あたしと同じ高さになった彼の顔を睨むと、頭を撫でられた。
よしよし、じゃないってば!
「そんなことより、お腹すいただろ?」
そんなこと…。幽霊はそんなことなのか?そして逃げなくていいの?
釈然としない様子のあたしに彼は、仕方ないな、とため息をついた。
「ほら、宮野。あの窓、どの部屋の窓か分かるか?」
あたしたちのいるベンチの斜め後ろ側にある窓を、彼は指差した。
掃きだし窓になっているそこは換気のためか、いつも半分ほど開け放たれてカーテンが揺れている。その向こうは和室らしく畳が見えていた。
あたしたちがここで昼休みを過ごすようになってから、まだ一度もそこに人影を見た事はない。
表側や校舎内からなら、どの辺りが何の部屋かってのも分かるけど、普段来ない裏側にまわると位置関係もあやふやで、彼の示す窓がどこの部屋のものかなんてさっぱりだ。
あたしが、分からないと首を振ると、彼は言った。
「あれは生徒会室の中にある休憩室の窓。一般生徒は当然入室できないし、先生方でも鍵を持ってるのは一部の先生だけ。だからその、幽霊か何か知らないけど怖いものが来たら、取りあえずあそこに逃げ込めばいいんじゃないか?」
あたしは目を剥いて、窓を振り返った。
「あれって生徒会室なの?そんな、関係者以外立入禁止な場所に入れるわけないじゃん!」
「緊急事態なら、その限りじゃないよ。それに俺がいるんだから」
あたしの髪に鼻を埋める彼は、何でもないようにそう言った。
そう、高田君は生徒会長なんだよ。
それも、この高校の生徒たちから『上成東高校の奇跡』とか『奇跡の生徒会』とか呼ばれている生徒会の、会長様だったりする。
まだ入院してた時ミナちゃんからチラッと聞いてて、学食で遇った時もスマホを見て思い出したんだけど、本人に確認できないままうっかり日をまたいでしまい、あたしは結局その事を、友達から教えてもらう羽目になったんだ。
それはあたしが学校に戻って、まだ2日目の事。
なんだか朝からずっと誰かに見られてる気がしてて、でも目が合うのが怖いから俯いてたんだけど、あんまり気になるから教室でこっそりミサキとサチに聞いてみた。
「ねー。
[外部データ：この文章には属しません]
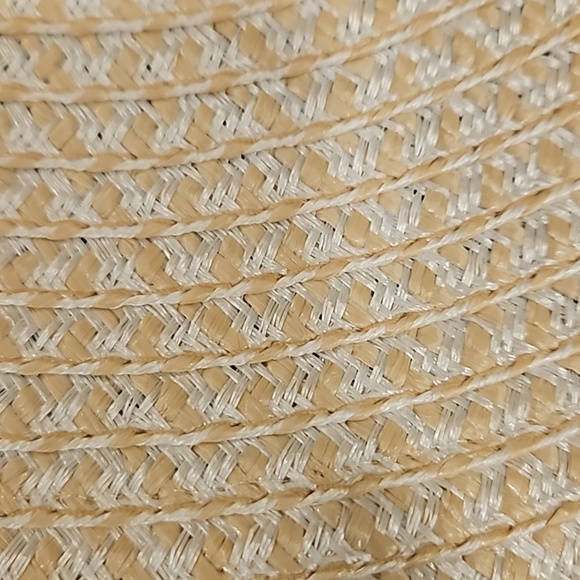 ?ERIC JAVITS? Sunshade Squishee Packable Straw Fedora Hat ~ OS Cream NWT main image 12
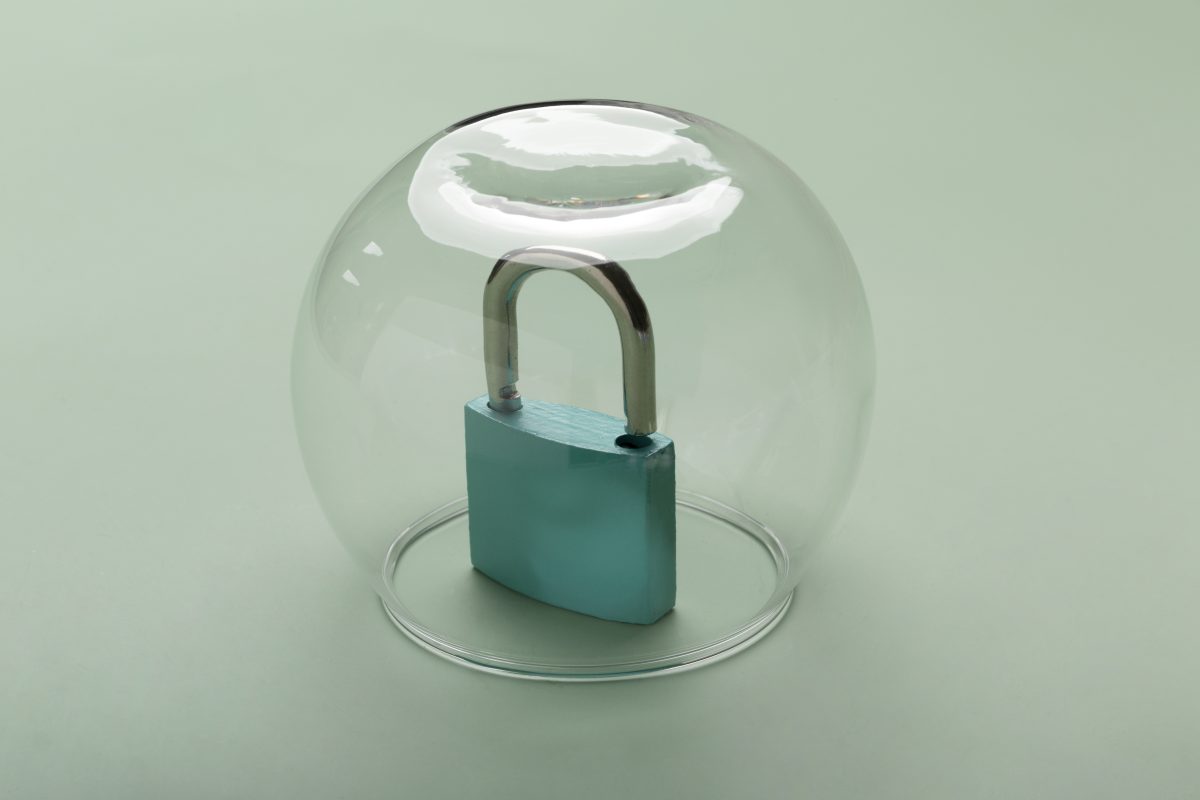 protection concept with lock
なんか今日あたしさ、凄く注目されてる気がするんだけど、何かあるのかな?きっと気のせいだよね?そうだと言って?」
そしたら彼女たちからは憐れむような視線をいただいた。
「みゃんちゃん、気づいてて知らん顔してるんじゃなかったんだ……。廊下でも校庭でも教室でも、明らかに物凄く注目されてるよ」
「自分でも心当たり、あるんじゃないの?」
そんなもんあるわけないよ!今のあたしは、ただの人見知りの女子高生だし。
あたしの訴える視線に、今度は二人揃ってため息をついた。
「……昨日私は学食で、幻を見た…と思った」
「……うん。私も夢かと思った」
…………?
「でも、今日のこの状況を見るに、どうやらアレは幻じゃなかったみたいよ」
「ねぇ、みゃんちゃん。……いつからあの生徒会長と知り合いだったの?」
グッと顔を近づけてくるお二人。
「……えーっと。みんな高田君のこと、知ってるの?彼ってホントに生徒会長なの?」
あたしの間の抜けた答えに、二人はがっくりと机に突っ伏した。
そしてあたしは二人から散々お説教を食らったんだ。
この学校にいて、あの生徒会長を知らないなんてあり得ない事らしいよ。
「しかもあんなに親しげに喋ってて!」
「なにあの優しげな微笑み、目が眩んだわっ!」
二人とも声がでかいよっ!落ち着いて下さいっ!
もちろんあたしだって『奇跡の生徒会』の偉業は知っていた。なにしろ、今あたしたちが正々堂々とスマホやケータイを持って校内をウロウロできるのは、全て『奇跡の生徒会』様のおかげだからね。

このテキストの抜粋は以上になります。